But like a wounded animal, knowing it is about to die, the Americans lashed out with the aim of causing as much damage and suffering as possible. The cost of defeating the most powerful military nation on the earth would have to be paid for at a high price.

The area which encompassed Song My was considered to be more than just sympathetic to the NLF and was known by the Americans as ‘Pinkville’. The guerrilla units in the south followed the military principals of People’s War, developed by Mao Tse-tung in China in the war, first, against the Japanese Fascist invaders and then the reactionary, Western Imperialist supported, Nationalist Kuomintang.
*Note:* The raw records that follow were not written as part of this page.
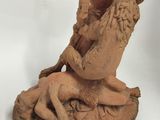 a statue of a man riding a horse with a dog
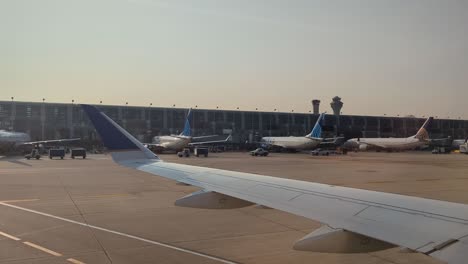 Vehículos-Terrestres-Del-Aeropuerto-Pasando-Por-Aviones-Estacionados-En-El-Aeropuerto,-Con-Vista-Parcial-Del-Ala-Del-Avión.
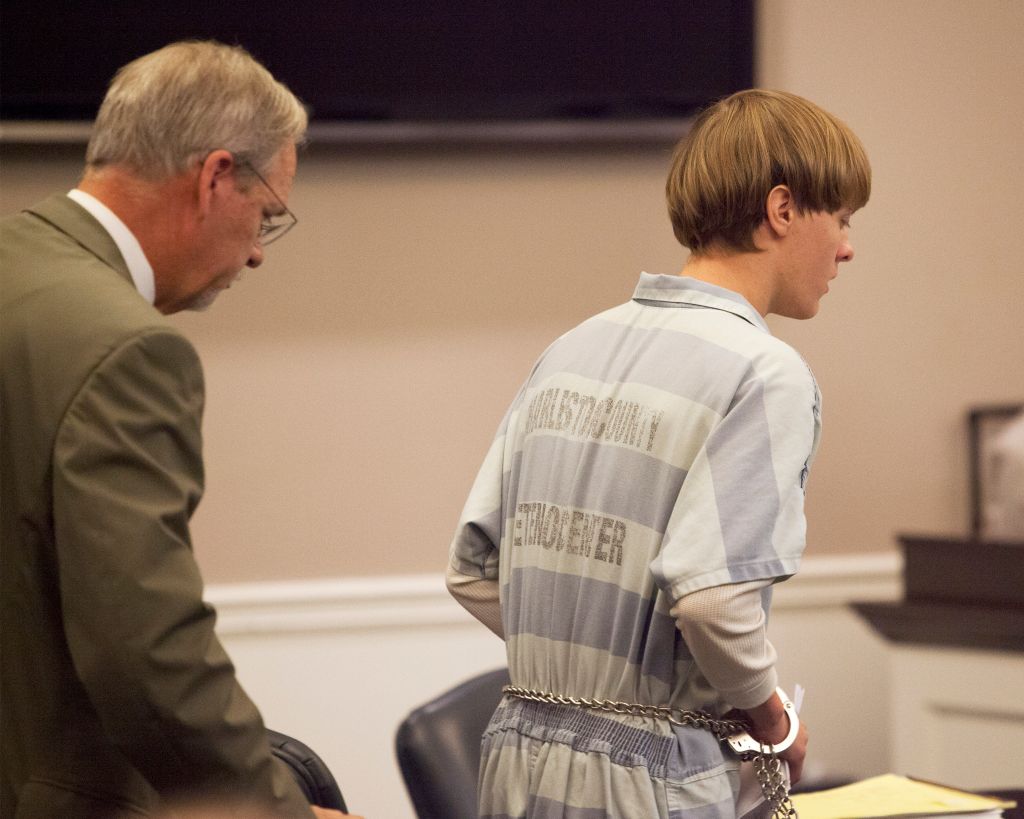 Dylann Roof (R), the 21-year-old man charged with murdering nine worshippers at a historic black church in Charleston last month, is helped to his chair by chief public defender Ashley Pennington during a hearing at the Judicial Center in Charleston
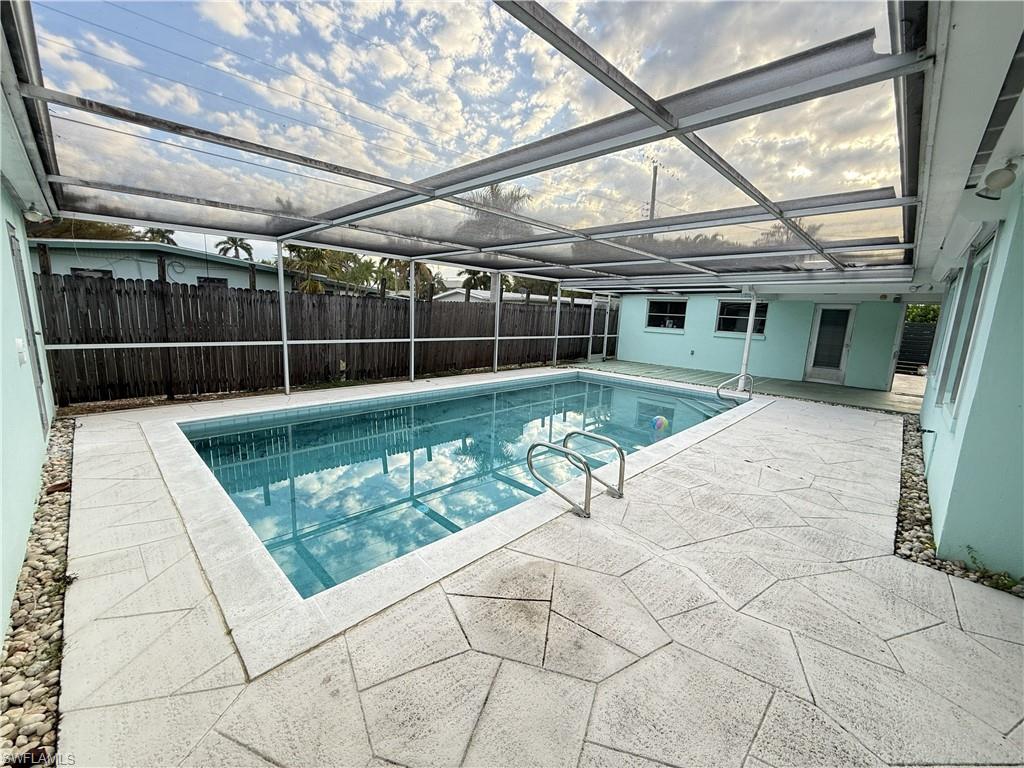 View of pool with a sunroom, patio surround, a lanai, and a fenced backyard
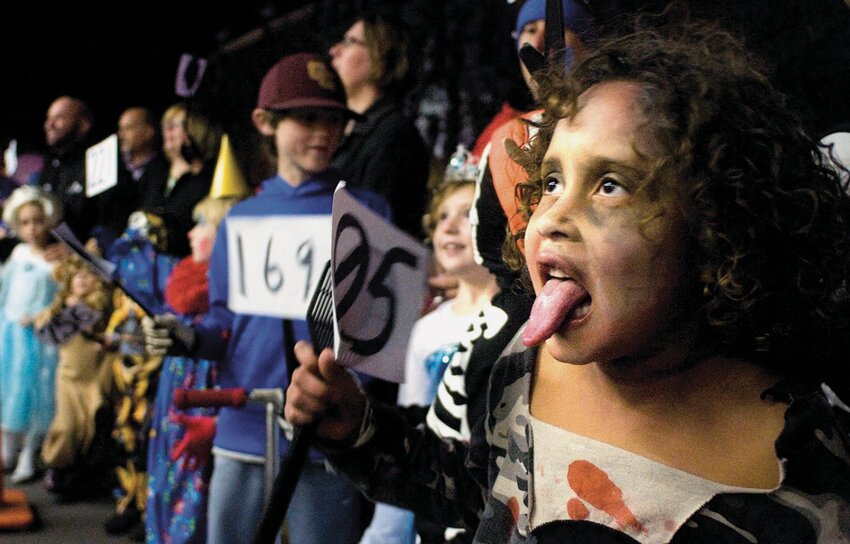 Miranda Smith, 7, sticks her tongue out to look scary during judging at a Halloween parade in 2014. A variety of events to mark the holiday are Friday, with more on the say until the end of the month.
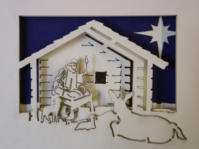 Detail of laser cut nativity scene showing the different layers
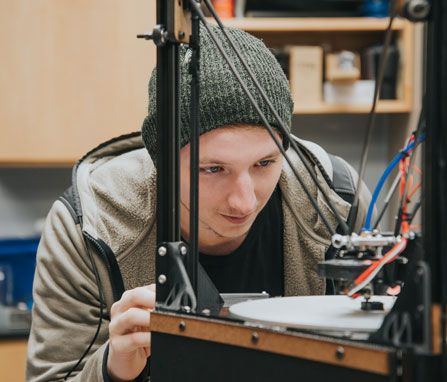 Brandon Matthews works on his 3D printer inside the robotics club lab at Mercer.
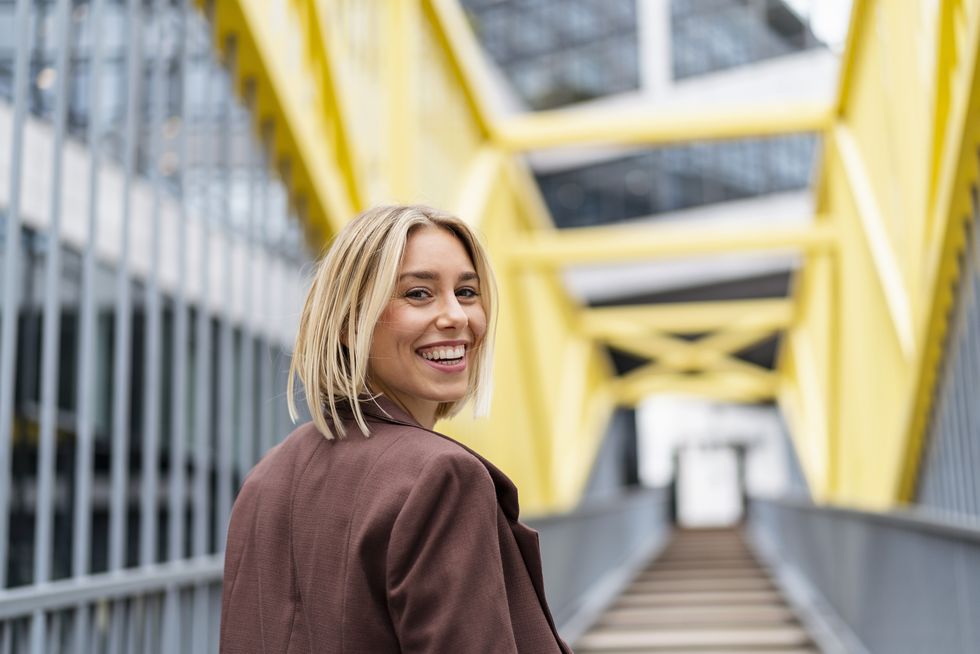 portrait of happy young businesswoman on a bridge in the city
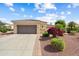 Charming home exterior featuring a two-car garage and vibrant desert landscaping at 13841 W Nogales Dr, Sun City West, AZ 85375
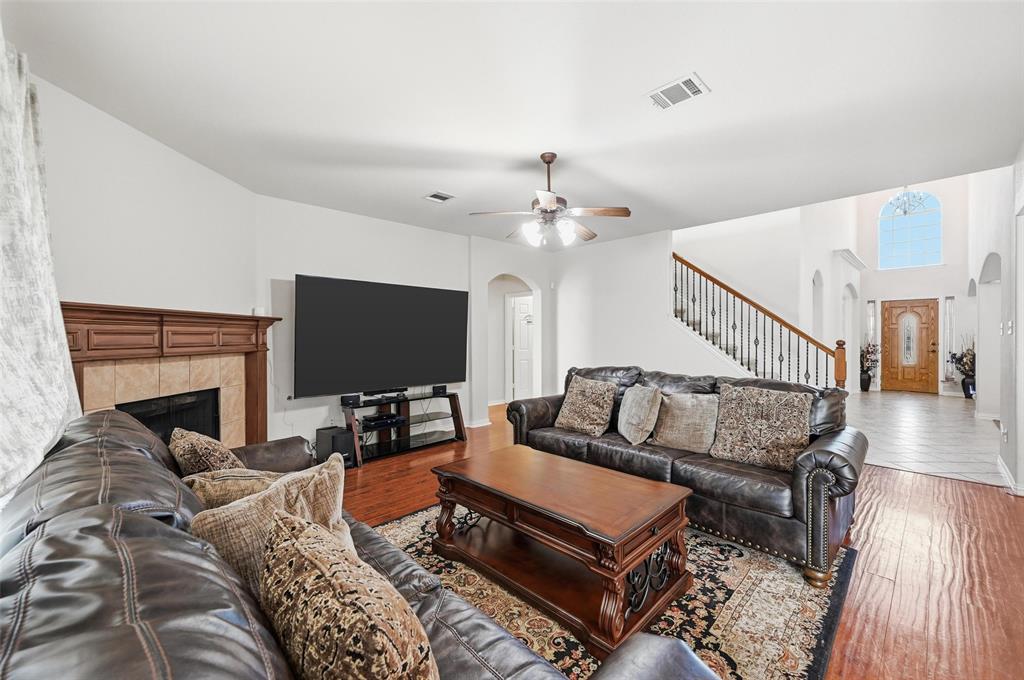 2319 Goshawk Street Grand Prairie, TX 75052 - Photo 10 of 40 a living room with furniture a fireplace and a flat screen tv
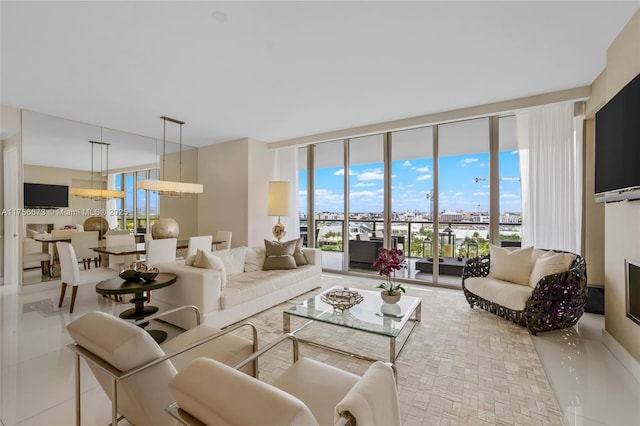 living area with floor to ceiling windows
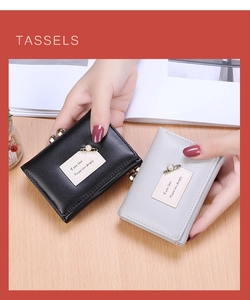 Close-up of black and grey PU leather trifold wallets with pearl pin details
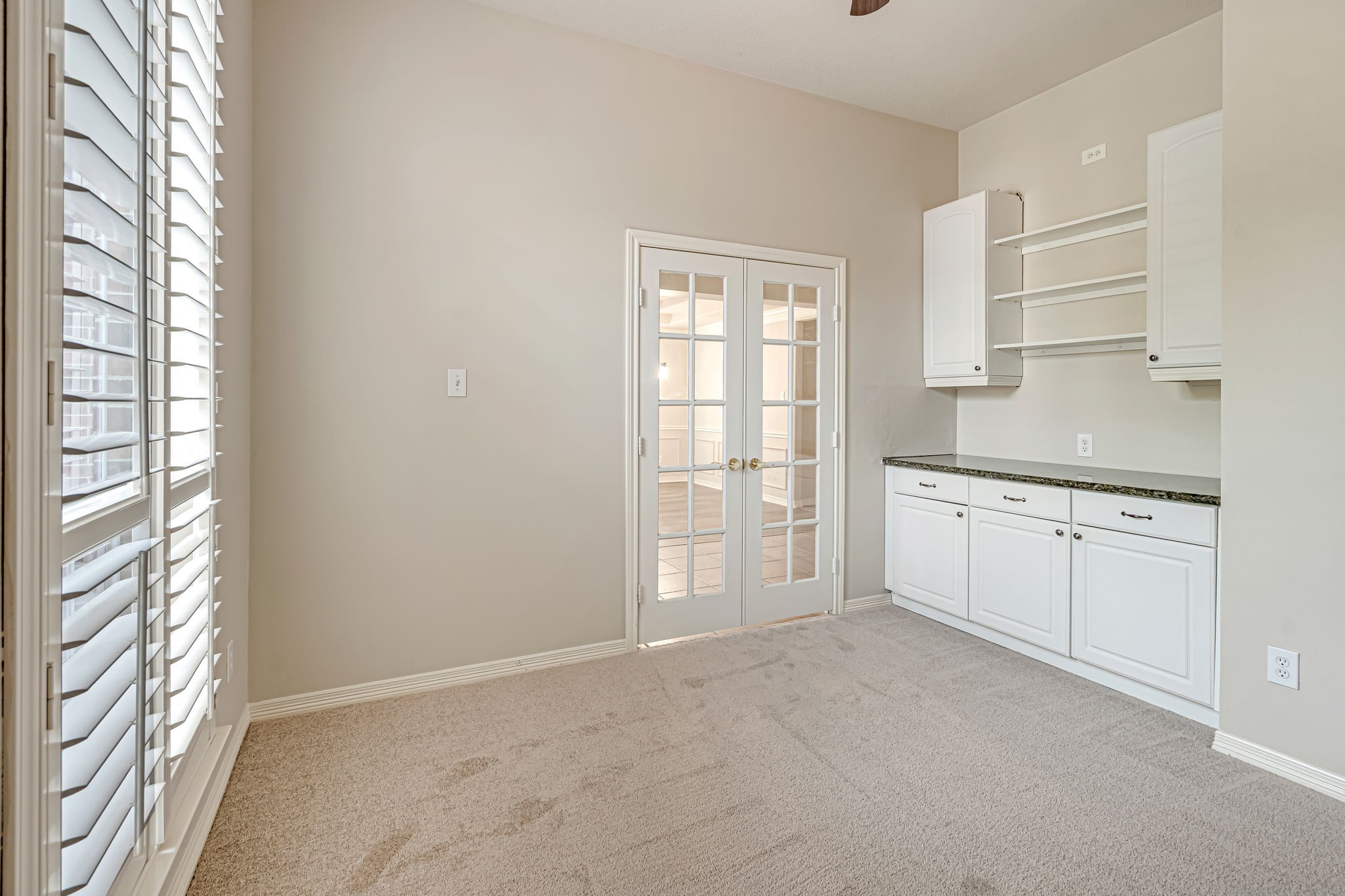 24919 Corbin Gate Drive Spring, TX 77389 - Photo 10 of 31 a view of a kitchen with white cabinets and a window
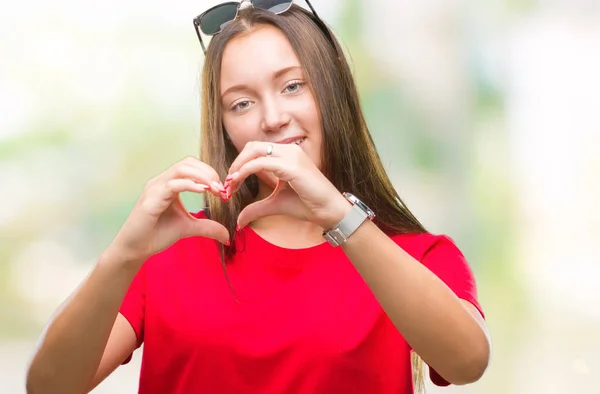 年轻美丽的白人妇女戴墨镜在孤立的背景微笑的爱显示心脏符号和形状与手 浪漫概念 — 图库照片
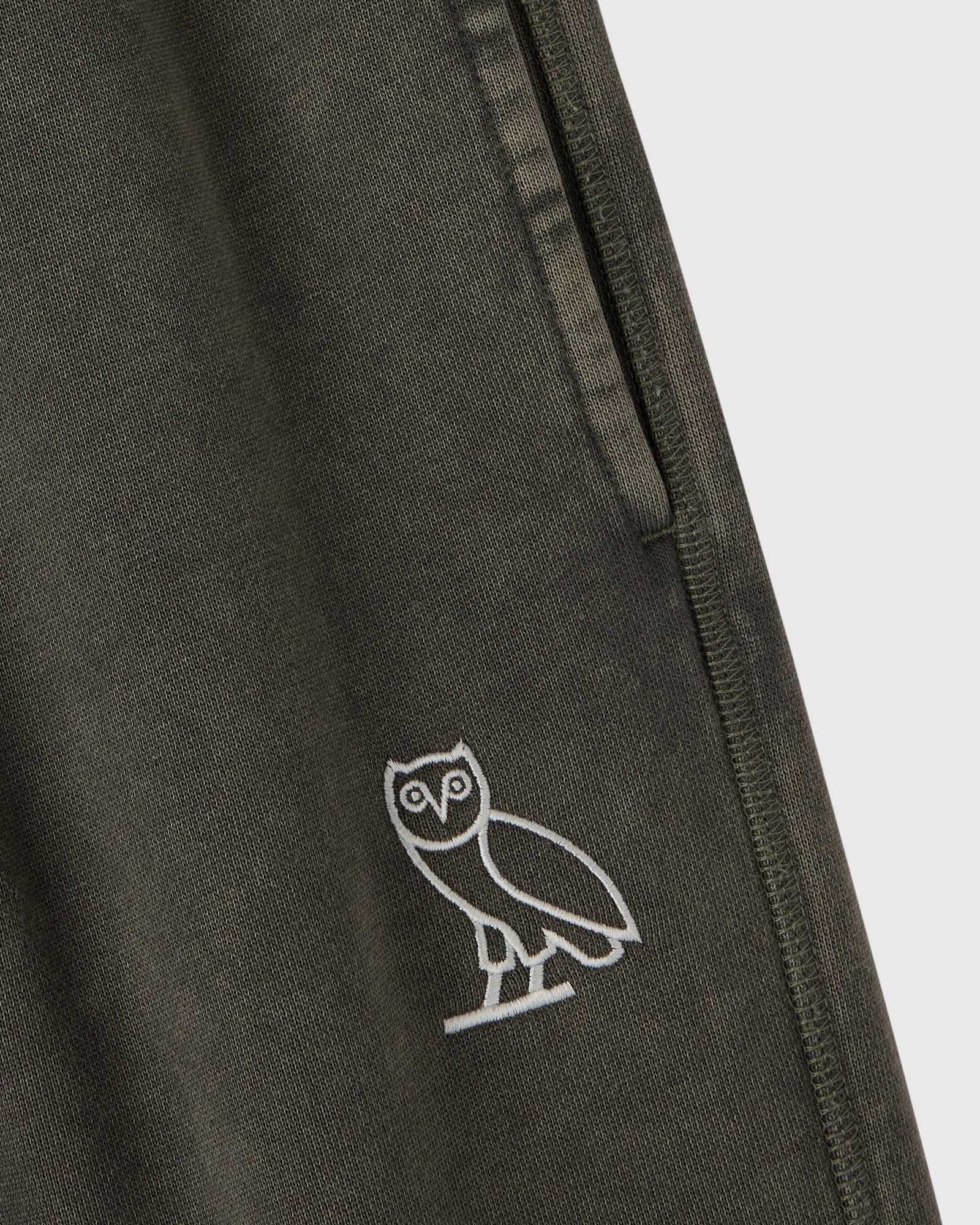 Deep olive sweatpant with white owl embroidery on thigh and side seam detail.
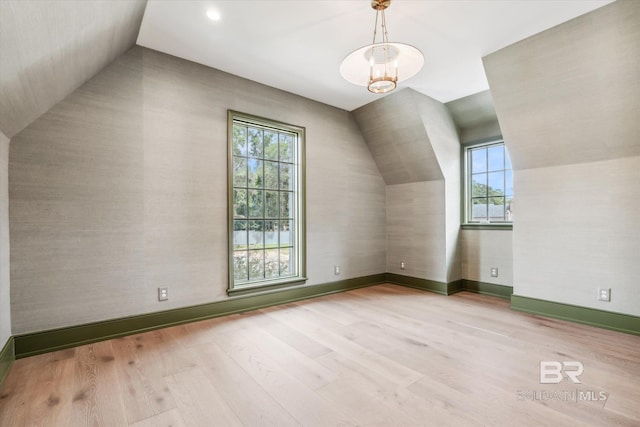 additional living space featuring lofted ceiling and light hardwood / wood-style flooring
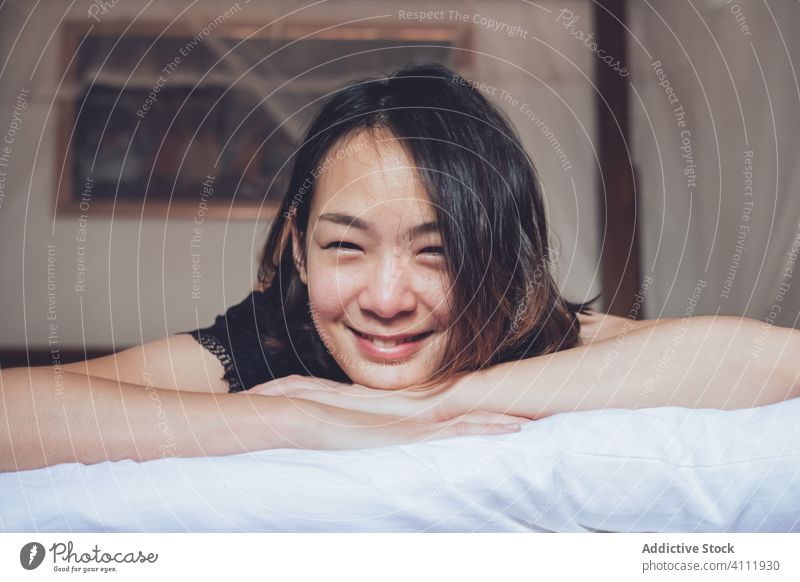Glückliche ethnische Frau auf dem Bett liegend Lügen heimwärts Lachen Morgen sich[Akk] entspannen Schlafzimmer Komfort ruhen Wochenende heiter gemütlich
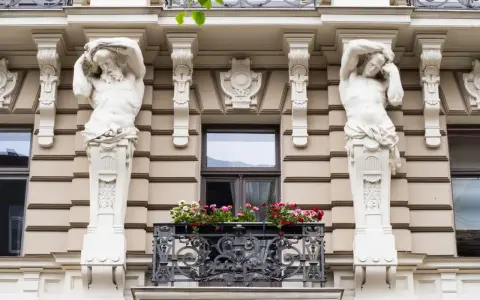 Dwie rzeźby atlantesów podtrzymujące balkon, przykład secesji w sztuce, zdobią fasadę kamienicy.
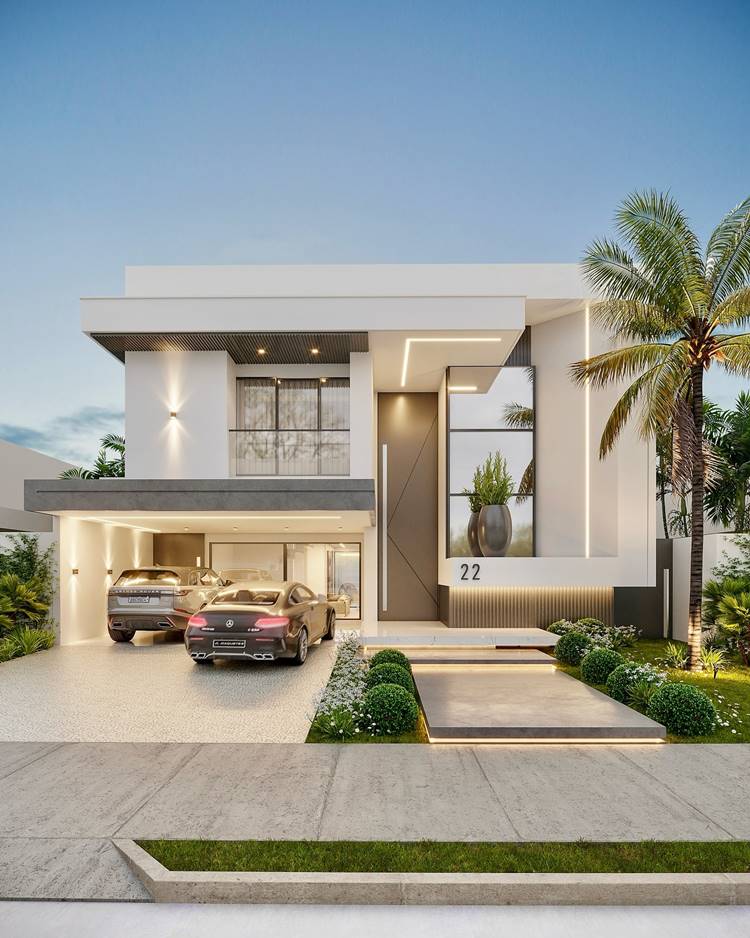 Fachada de casa moderna de dois andares com um telhado plano e linhas limpas. A casa é pintada de branco com algumas seções em cinza escuro para contraste. Há uma garagem na lateral esquerda da imagem com dois carros; um prata e um escuro. O número da casa “22” está visível ao lado da porta da frente que é grande e cinza. Um jardim bem cuidado com arbustos, gramas e uma palmeira alta está visível na frente da casa.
Mao coined the phrase of the guerrilla army ‘swimming like fish amongst the people’ and the Vietnamese followed this lesson well. However, not only do revolutionaries learn from the experience of those who have gone before them. Reactionaries also learnt and decided that if the revolutionaries were swimming amongst the people then they would deny them the water. The fact that many innocent people would bear the cost of this approach wasn’t (and still isn’t – witness what has happened in the last 14 years with the imperialist wars of intervention in Afghanistan, Iraq and other countries of the Middle East) of concern to the American commanders in Vietnam nor their political masters in Washington. As far as they were concerned ALL the ‘gooks’ (their racist term for the Vietnamese) were guilty, if not for crimes of commission then for crimes of omission, even babies only a matter of a few weeks old or those yet to be born.

My Lai Massacre

My Lai Massacre

It’s difficult to imagine what went through the minds of those soldiers who carried out the massacre that covered three separate hamlets in Song My. There were no reports whatsoever that these brave troops came under any sort of enemy fire. In fact there was only one casualty amongst the G.I.s – and his wound was self-inflicted in an effort not to indulge in the blood lust.

My Lai Massacre

My Lai Massacre

Most of the troops involved were relatively new to the country and therefore couldn’t really argue that they were battle weary and bitter from what they had seen happen to their fellow conscripts – although I have heard one soldier argue that case. Neither could they use the excuse given in Northern Ireland by the British Paratroopers after the murder of Irish Republican demonstrators on ‘Bloody Sunday’ in 1972 when one reason given for them opening fire was that these ‘elite’ troops were frightened by being shot at.

My Lai Massacre

My Lai Massacre

The majority of US troops in Vietnam by this time of the war were conscripts. The majority of them were in their late teens or early twenties. The majority of them were from poor, working class backgrounds. A disproportionate number of them were poor working class black Americans (in a tableau in the My Lai museum they are given equal status to the whites in killing women and children), living in a society that was even more racist and segregationist than it is now. Yet these working class boys, under the orders of officers with little more stake in US society than the soldiers under their command, just went wild.

My Lai Massacre Museum

My Lai Massacre Museum

Shooting at everything that moved, regardless of age or gender; burning of buildings, sometimes with people inside alive; destroying all foodstuffs including domesticated animals; trapping people in confined spaces and then throwing in fragmentation grenades; gang raping of the women regardless of age and even those in late stages of pregnancy; killing babies only a few weeks old; mutilating the bodies of their victims including cutting out tongues, cutting off hands, disembowelment and taking scalps; pulling out unborn foetuses from pregnant women; shooting the wounded if they made the mistake of lettering their murderers know they were still alive; this orgy of death and destruction went on for hours until they had killed all that they thought was alive.

My Lai Massacre

My Lai Massacre

There was little evidence of any of the soldiers making any effort to put a stop to all this or to try to bring some element of civilisation back into their mission – although a few are said to have ‘not participated’ (but that begs questions about crimes of commission or omission). Apart from one exception. The three-man crew of one of the support helicopters put their machine between a group of G.I.’s and their intended victims. Whilst the gunner held his heavy machine gun on soldiers from his own side a handful of villagers were able to be escape the mayhem. One of the helicopter crew was killed soon after (in combat) but the two that survived were invited to the thirtieth anniversary commemoration at the Quang Ngai General Museum in 1998.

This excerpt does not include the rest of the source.